A los 11,6 segundos, la velocidad era de 299 kilómetros por hora, el pie del acelerador totalmente levantado. A los 11,7 segundos frenó a fondo y redujo dos marchas, dejando cuatro intensas marcas de neumático en el asfalto. Intensas como una vida a la que aferrarse. A los veranos en Angra dos Reis, y las motos de agua, y los karts con su sobrino Bruno. Y la samba en el Carnaval. Y por qué no nos vamos a pescar, Ayrton, del bueno de Sid Watkins. Y el amor de alguien que espera en Quinta do Lago, en el Algarve portugués. Portugal, donde la primera victoria bailando bajo la lluvia. Adriane, pese a las quejas familiares. Y Dios. Y hacer algo por la infancia. Y ser más rápido que el tiempo.
A los 12,2 segundos, abandonando ya la pista, con menos de 15 metros hasta el muro, seguía girando el volante, como demuestran los sensores. Pero los de la columna y la dirección están inactivos. El coche va recto. Ya no importará después, pero la justicia italiana, los informes, las evidencias, demostrarán que se había roto la columna de dirección por un trabajo mediocre del equipo campeón del mundo. El sueño de Williams, la pesadilla. La delicadeza de algunos conceptos extremos de Adrian Newey. Lo resolverán, serán campeones, pero ya no estará Ayrton.
Schumacher pasó por Tamburello mientras el líder se dirigía a los pies de un cartel publicitario con el eslógan ‘I Pilotissimi’ de Agip, un álbum de cromos en el que se recogían a los grandes pilotos de la historia, con los comentarios de Enzo Ferrari. Allí, a los pies de ‘los pilotísimos’, como en un altar. De una nube de polvo emergía un coche destrozado y sin gobierno. «Ya no conducía el coche de forma consciente. Lo conducía por instinto, sólo que estaba en una dimensión diferente. Estaba muy por encima del límite pero aún pude encontrar todavía más. Me asusté porque me di cuenta de que estaba mucho más allá de mi comprensión consciente». Pero eso era la maravillosa pole de Mónaco en 1988, no Tamburello.
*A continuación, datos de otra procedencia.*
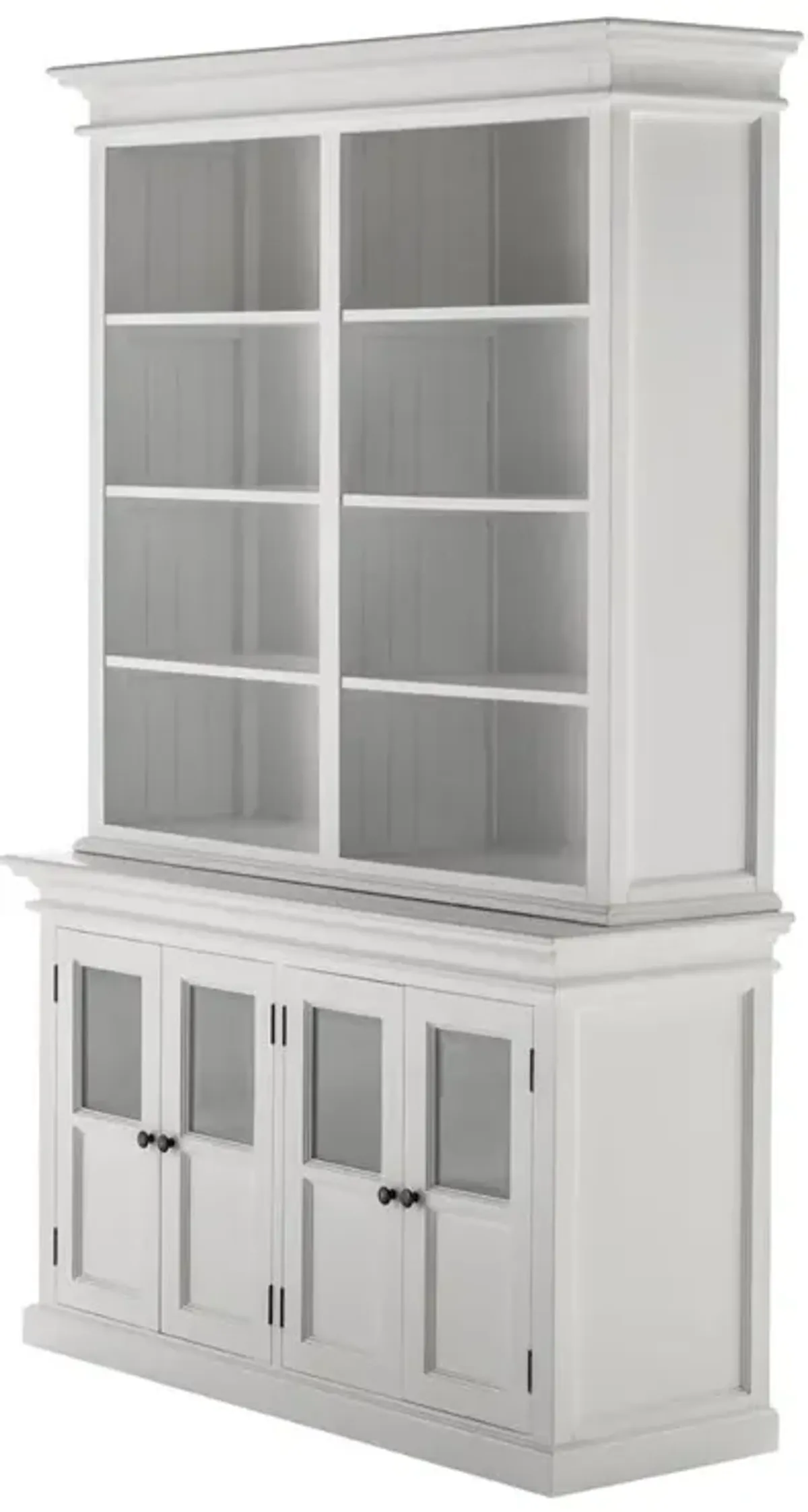 Belen Kox Classic White Glass Door Hutch - The Elegant Storage Solution, Belen Kox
Cuenta su hermana Viviane que aquella mañana Ayrton leyó un pasaje de la Biblia, como siempre. Ese día leyó que Dios le daría el mayor de todos los regalos. Que era Dios mismo. «Es muy difícil hablar de Dios, es muy difícil escucharlo. He tenido el privilegio de vivir esta experiencia. Sucedió en el Gran Premio de Japón, en la última vuelta de la carrera. La vuelta que finalmente me daría el campeonato. Empecé a agradecer, agradecer y sentí su presencia. Vi a Dios, fue algo especial en mi vida, una sensación enorme. Es un hecho que grabé en mi memoria y llevo dentro de mí. Creo que es un privilegio que pocos tienen o han tenido.»
Y desde entonces, como reza su epitafio, nada puede separarlo del amor de Dios. Pero el tiempo no se detuvo, siguió avanzando segundo a segundo hasta completar ya treinta años. Y parafraseando a Francis Scott Fitzgerald: así seguimos adelante, Ayrton, como botes contra la corriente, empujados incesantemente hacia el pasado.